Last week I attended an event that gave me hope for the future of new music concerts. Held at the Blue Sky Gallery in the Pearl District of Portland, Oregon, this group of musicians played music by George Crumb, John Adams, and Nikolai Kapustin, as well as Oregon composers Kenji Bunch and David Crumb. Organized (and partially performed) by the piano duo Stephanie and Saar, this was a five-hour event that should have pulled in a sparse crowd.
It was standing room only. Between two of the concerts I had to fight off three separate people who had designs on my chair. They ran out of food. They ran out of wine, forcing several of the assistants to make an emergency wine run to the local market. As I sat on my carefully defended chair and listened to the performances, I could feel the focused attention of the audience.

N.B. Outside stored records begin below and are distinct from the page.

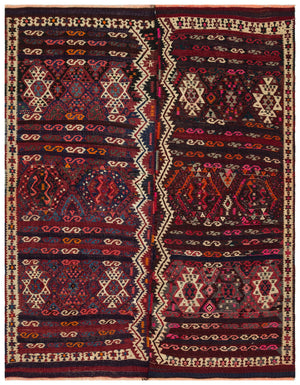 Geometric Over Dyed Kilim Rug 5'2'' x 6'6'' ft 157 x 198 cm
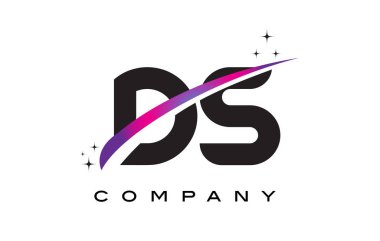 DS D S siyah harf Logo tasarımı ile mor Eflatun Swoosh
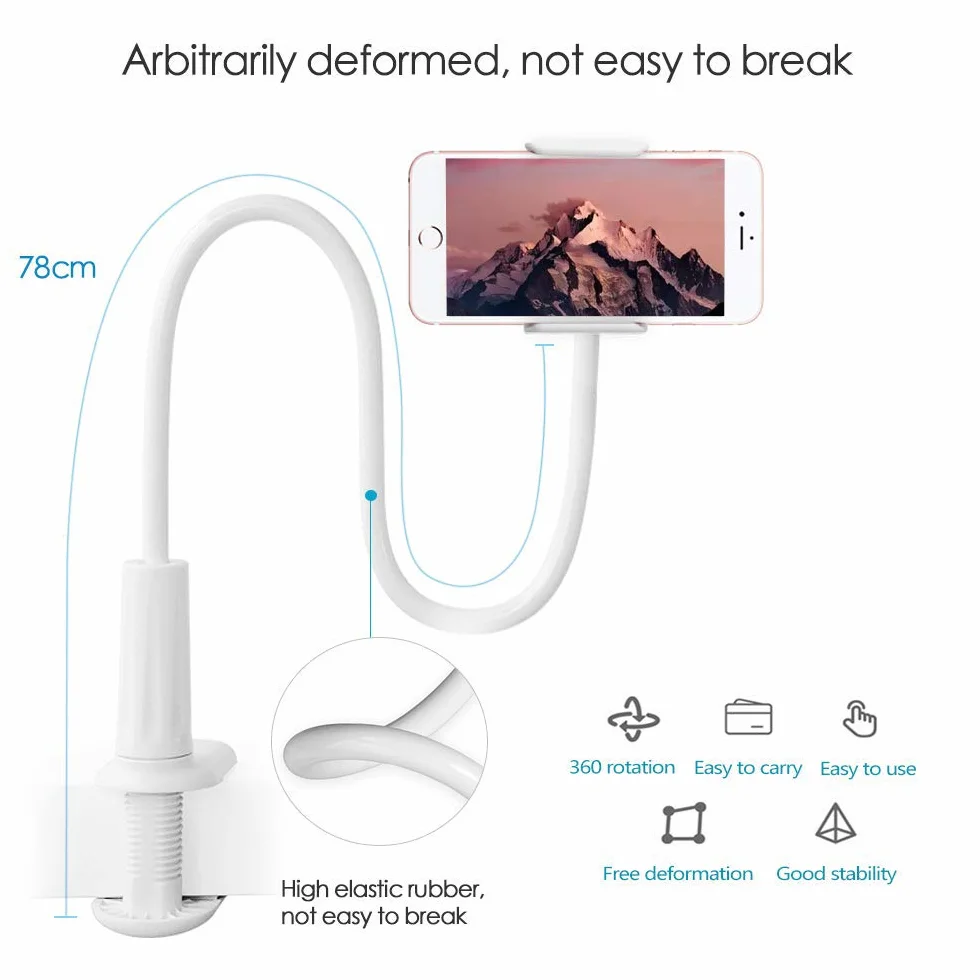 Uchwyt na Telefon z Gęsią Szyją 78 cm, Wspornik na Tablet 4-11 cali, Regulowane Ramię Biały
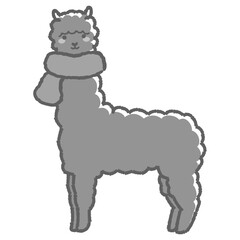 マフラーを巻いたふわふわのアルパカのイラスト（全身）白黒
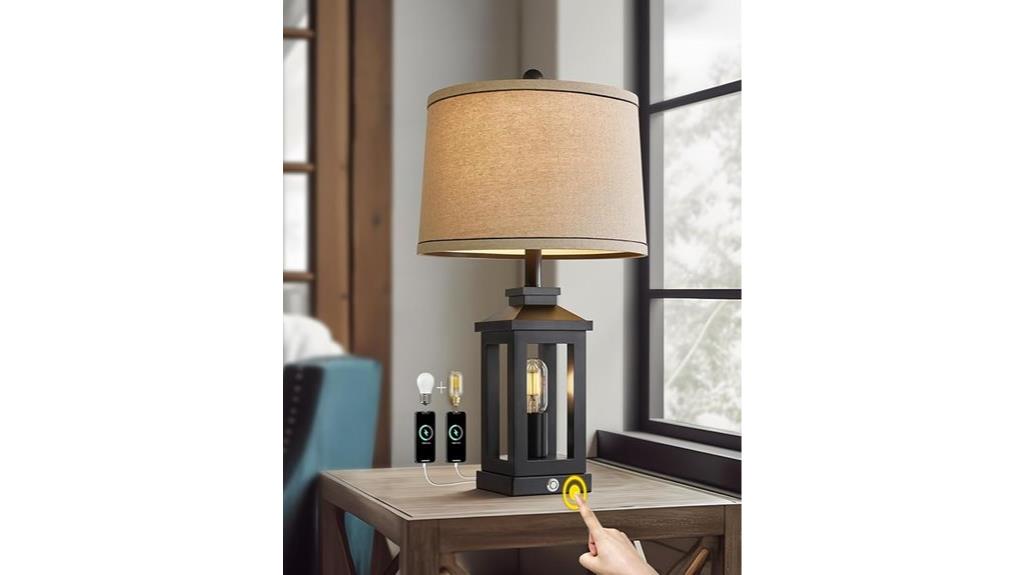 retro farmhouse black lamp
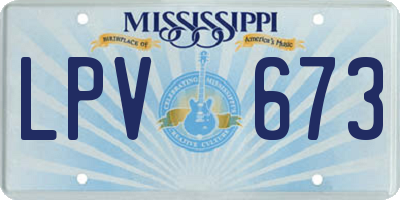 MS license plate LPV673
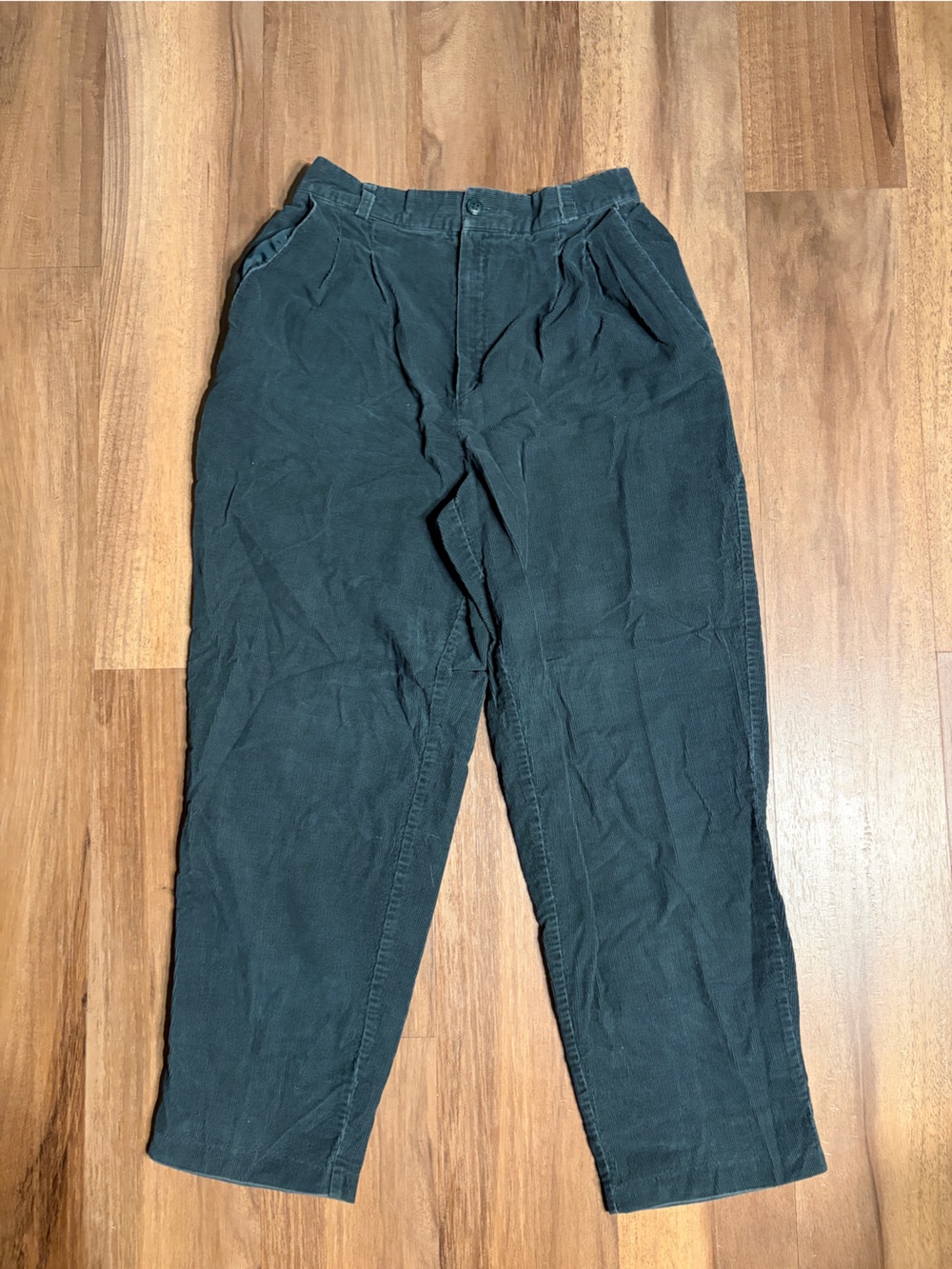 100% Cotton Vintage Corduroy Pants in Deep Blue – high waisted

By the end of the evening when Stephanie and Saar tore their way through Adams’ “Hallelujah Junction”, the room erupted with the last crashing notes.
It worked. Kudos to all the players and sponsors who made it happen. Congratulations to the performers who deciphered their way through difficult scores, most of whom looked as if they were having fun doing it. Many—myself included–have long pontificated about the disconnect between contemporary music and the listening public. Last week it was good to be reminded that when community partnerships support a common passion the impossible can sometimes become the possible.